With pictures excluded, retype exactly every line from the one containing "大牙基本都龋齿了怎么补救,新换的牙产生了龋齿怎么办" to the end of the records below.
Listed records START
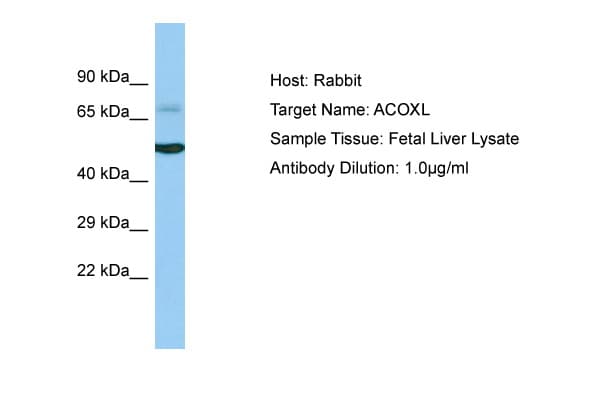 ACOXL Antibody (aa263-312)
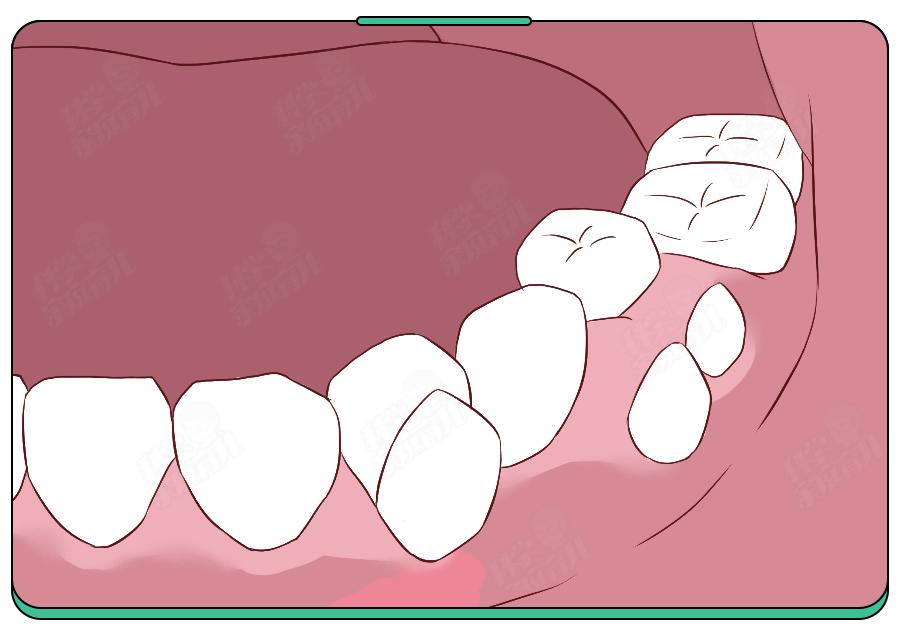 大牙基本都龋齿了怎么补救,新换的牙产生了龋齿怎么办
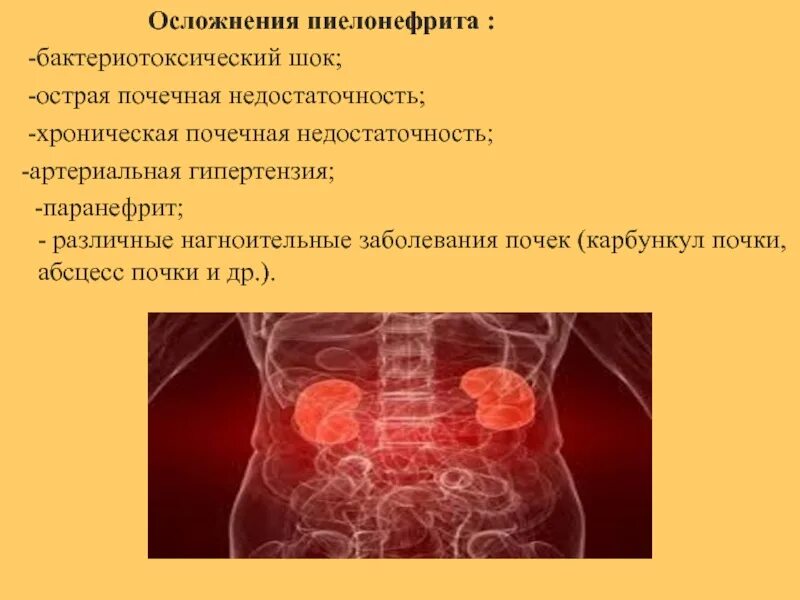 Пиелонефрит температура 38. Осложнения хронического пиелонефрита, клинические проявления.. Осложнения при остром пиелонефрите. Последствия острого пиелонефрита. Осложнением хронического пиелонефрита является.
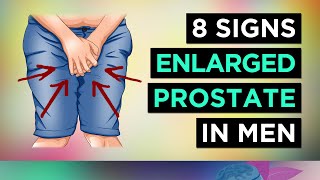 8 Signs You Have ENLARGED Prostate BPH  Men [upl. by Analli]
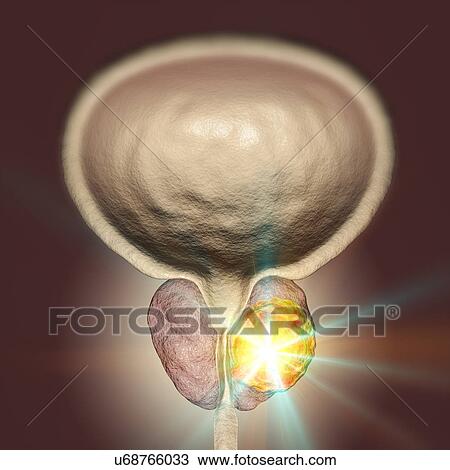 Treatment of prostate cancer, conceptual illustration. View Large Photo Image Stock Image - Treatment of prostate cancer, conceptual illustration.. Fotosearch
Listed records END
**Answer section**.
 大牙基本都龋齿了怎么补救,新换的牙产生了龋齿怎么办
 Пиелонефрит температура 38. Осложнения хронического пиелонефрита, клинические проявления.. Осложнения при остром пиелонефрите. Последствия острого пиелонефрита. Осложнением хронического пиелонефрита является.
 8 Signs You Have ENLARGED Prostate BPH  Men [upl. by Analli]
 Treatment of prostate cancer, conceptual illustration. View Large Photo Image Stock Image - Treatment of prostate cancer, conceptual illustration.. Fotosearch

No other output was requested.